§ What you should do
Type the entries again, word for word.
☆ ☆ ☆ ☆ ☆
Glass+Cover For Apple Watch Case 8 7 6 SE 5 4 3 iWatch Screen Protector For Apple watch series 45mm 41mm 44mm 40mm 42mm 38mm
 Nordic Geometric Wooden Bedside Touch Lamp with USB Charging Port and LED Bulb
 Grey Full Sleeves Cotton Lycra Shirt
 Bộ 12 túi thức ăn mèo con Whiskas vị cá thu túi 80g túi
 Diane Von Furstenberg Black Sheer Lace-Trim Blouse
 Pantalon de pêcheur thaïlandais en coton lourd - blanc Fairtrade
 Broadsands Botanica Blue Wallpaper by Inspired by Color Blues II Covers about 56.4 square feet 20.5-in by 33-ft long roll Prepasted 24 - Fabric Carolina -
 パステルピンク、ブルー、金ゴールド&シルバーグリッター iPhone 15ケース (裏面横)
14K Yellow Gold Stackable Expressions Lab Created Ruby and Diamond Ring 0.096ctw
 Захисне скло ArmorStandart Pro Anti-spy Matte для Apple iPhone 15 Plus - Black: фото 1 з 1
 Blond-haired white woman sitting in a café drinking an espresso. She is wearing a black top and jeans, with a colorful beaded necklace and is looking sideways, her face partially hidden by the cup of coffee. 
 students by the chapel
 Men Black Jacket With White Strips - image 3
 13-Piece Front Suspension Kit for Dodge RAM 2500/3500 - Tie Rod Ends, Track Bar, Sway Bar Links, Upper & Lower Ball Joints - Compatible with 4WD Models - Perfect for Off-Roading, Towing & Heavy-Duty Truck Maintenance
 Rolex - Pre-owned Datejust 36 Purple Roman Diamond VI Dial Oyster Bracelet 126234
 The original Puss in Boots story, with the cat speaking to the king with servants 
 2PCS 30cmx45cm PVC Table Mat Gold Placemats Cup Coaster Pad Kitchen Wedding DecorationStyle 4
☆ ☆ ☆ ☆ ☆
§ Expected output
Glass+Cover For Apple Watch Case 8 7 6 SE 5 4 3 iWatch Screen Protector For Apple watch series 45mm 41mm 44mm 40mm 42mm 38mm
 Nordic Geometric Wooden Bedside Touch Lamp with USB Charging Port and LED Bulb
 Grey Full Sleeves Cotton Lycra Shirt
 Bộ 12 túi thức ăn mèo con Whiskas vị cá thu túi 80g túi
 Diane Von Furstenberg Black Sheer Lace-Trim Blouse
 Pantalon de pêcheur thaïlandais en coton lourd - blanc Fairtrade
 Broadsands Botanica Blue Wallpaper by Inspired by Color Blues II Covers about 56.4 square feet 20.5-in by 33-ft long roll Prepasted 24 - Fabric Carolina -
 パステルピンク、ブルー、金ゴールド&シルバーグリッター iPhone 15ケース (裏面横)
14K Yellow Gold Stackable Expressions Lab Created Ruby and Diamond Ring 0.096ctw
 Захисне скло ArmorStandart Pro Anti-spy Matte для Apple iPhone 15 Plus - Black: фото 1 з 1
 Blond-haired white woman sitting in a café drinking an espresso. She is wearing a black top and jeans, with a colorful beaded necklace and is looking sideways, her face partially hidden by the cup of coffee. 
 students by the chapel
 Men Black Jacket With White Strips - image 3
 13-Piece Front Suspension Kit for Dodge RAM 2500/3500 - Tie Rod Ends, Track Bar, Sway Bar Links, Upper & Lower Ball Joints - Compatible with 4WD Models - Perfect for Off-Roading, Towing & Heavy-Duty Truck Maintenance
 Rolex - Pre-owned Datejust 36 Purple Roman Diamond VI Dial Oyster Bracelet 126234
 The original Puss in Boots story, with the cat speaking to the king with servants 
 2PCS 30cmx45cm PVC Table Mat Gold Placemats Cup Coaster Pad Kitchen Wedding DecorationStyle 4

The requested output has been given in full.